Recreating Visualizations with Simulated Data

Let’s recreate our visualizations using the simulated data, starting with Wisconsin.

Below we are using the stat = "summary" to aggregate the data and the scales functionality to format the y axis as a percentage.

# Filter for Wisconsin
wi_data <- sim_data |>
  filter(state == "Wisconsin") |>
  mutate(depression = as.numeric(depression))

# Approach 1: Using scales::percent_format()
p1_sim <- wi_data |>
  ggplot(aes(x = previous_births, y = depression)) +
  geom_bar(
    stat = "summary",  # We let ggplot2 do the aggregation for us
    fun = "mean"
  ) +
  scale_y_continuous(labels = scales::percent_format()) +
  theme_minimal() +
  labs(
    title = "Depression Before Birth by Number of Previous Live Births",
    x = "Number of Previous Live Births",
    y = "Percentage Reporting Depression"
  )

p1_sim

An alternative approach is – similar to above – is to do the aggregation ourselves and use identity.

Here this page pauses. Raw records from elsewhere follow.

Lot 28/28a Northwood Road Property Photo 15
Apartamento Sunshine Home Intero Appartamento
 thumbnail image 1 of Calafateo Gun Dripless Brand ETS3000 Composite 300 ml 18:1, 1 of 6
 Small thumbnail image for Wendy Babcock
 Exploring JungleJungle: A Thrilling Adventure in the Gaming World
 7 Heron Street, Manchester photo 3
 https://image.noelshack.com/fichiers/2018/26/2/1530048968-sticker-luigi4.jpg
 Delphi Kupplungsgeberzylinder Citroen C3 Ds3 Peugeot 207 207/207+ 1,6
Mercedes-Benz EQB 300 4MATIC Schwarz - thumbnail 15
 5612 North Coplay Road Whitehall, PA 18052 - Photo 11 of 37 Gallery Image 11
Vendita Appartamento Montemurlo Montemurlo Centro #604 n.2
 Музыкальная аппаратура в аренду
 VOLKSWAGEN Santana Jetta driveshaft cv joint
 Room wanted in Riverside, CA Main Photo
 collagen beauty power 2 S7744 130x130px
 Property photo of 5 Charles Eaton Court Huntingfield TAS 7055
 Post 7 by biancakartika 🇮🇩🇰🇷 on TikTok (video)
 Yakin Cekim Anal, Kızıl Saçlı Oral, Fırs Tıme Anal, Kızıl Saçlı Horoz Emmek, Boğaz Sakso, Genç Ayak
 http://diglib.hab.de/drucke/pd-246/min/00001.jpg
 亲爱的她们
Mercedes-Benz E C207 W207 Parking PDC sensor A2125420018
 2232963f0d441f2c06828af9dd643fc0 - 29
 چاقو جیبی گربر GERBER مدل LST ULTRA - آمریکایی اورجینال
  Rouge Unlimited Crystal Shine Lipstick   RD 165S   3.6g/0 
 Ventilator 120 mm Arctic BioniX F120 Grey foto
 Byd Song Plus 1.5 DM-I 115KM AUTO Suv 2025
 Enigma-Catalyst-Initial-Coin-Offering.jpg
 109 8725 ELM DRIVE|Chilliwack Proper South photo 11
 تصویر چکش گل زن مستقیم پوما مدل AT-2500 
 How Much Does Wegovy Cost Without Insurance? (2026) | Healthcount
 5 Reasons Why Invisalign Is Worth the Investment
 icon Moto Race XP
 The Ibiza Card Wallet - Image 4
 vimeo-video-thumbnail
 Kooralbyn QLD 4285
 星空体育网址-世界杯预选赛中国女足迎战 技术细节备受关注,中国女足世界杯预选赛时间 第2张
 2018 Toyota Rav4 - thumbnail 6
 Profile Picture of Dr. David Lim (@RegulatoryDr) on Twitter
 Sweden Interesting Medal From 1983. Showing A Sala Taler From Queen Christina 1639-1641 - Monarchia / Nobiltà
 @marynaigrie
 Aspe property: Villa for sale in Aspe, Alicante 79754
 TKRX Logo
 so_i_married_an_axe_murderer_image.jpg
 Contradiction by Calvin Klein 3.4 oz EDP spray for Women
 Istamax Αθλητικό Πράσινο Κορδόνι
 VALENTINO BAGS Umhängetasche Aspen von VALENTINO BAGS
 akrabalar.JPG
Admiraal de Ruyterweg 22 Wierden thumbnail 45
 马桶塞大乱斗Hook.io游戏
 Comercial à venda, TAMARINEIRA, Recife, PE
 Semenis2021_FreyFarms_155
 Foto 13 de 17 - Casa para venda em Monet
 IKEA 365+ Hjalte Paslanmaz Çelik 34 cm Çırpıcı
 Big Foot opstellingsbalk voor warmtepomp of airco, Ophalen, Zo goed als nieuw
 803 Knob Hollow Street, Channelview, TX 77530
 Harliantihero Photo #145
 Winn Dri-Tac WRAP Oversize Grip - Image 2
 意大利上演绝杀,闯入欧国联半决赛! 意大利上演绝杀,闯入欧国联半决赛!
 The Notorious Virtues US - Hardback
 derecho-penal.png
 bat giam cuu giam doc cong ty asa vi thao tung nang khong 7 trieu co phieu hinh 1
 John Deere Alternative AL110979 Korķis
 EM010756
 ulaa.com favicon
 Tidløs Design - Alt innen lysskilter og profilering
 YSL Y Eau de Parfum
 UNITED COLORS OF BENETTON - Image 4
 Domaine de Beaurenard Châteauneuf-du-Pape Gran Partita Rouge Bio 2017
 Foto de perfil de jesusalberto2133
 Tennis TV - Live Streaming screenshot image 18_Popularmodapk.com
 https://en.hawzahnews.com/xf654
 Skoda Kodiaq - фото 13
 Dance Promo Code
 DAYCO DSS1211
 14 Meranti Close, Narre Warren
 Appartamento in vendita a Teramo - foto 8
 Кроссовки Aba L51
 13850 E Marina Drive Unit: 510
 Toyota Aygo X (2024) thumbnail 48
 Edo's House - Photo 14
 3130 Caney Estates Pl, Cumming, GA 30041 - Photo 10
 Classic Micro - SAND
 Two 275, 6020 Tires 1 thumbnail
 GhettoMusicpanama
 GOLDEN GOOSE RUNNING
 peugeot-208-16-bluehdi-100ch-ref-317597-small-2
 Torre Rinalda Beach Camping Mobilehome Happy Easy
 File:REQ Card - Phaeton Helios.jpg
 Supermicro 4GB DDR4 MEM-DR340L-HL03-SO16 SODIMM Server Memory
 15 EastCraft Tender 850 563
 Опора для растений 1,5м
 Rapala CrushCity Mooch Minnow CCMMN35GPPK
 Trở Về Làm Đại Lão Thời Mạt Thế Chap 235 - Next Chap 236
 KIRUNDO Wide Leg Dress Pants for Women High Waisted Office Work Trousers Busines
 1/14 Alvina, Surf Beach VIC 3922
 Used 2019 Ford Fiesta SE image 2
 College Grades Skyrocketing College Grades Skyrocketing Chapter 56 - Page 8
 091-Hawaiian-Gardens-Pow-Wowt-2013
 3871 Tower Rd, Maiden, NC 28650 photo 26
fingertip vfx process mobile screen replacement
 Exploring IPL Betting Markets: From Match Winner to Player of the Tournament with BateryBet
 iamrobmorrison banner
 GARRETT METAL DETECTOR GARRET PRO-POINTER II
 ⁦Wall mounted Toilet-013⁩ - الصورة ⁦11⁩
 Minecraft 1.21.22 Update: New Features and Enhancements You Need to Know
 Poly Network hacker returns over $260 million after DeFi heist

# Approach 2: Multiplying by 100 in the aggregation
p1_sim_self_aggregate <- wi_data |>
  group_by(previous_births) |>
  summarize(
    depression_rate = mean(depression) * 100,  # Convert to percentage
    .groups = "drop"
  ) |>
  ggplot(aes(x = previous_births, y = depression_rate)) +
  geom_bar(stat = "identity") +
  theme_minimal() +
  labs(
    title = "Depression Before Birth by Number of Previous Live Births",
    x = "Number of Previous Live Births",
    y = "Percentage Reporting Depression"
  )

# Display both plots

p1_sim_self_aggregate

Life tends to be easier when you summarize the data yourself. I find it more explicit and it avoids confusion from trying to figure out exactly what ggplot2 is doing.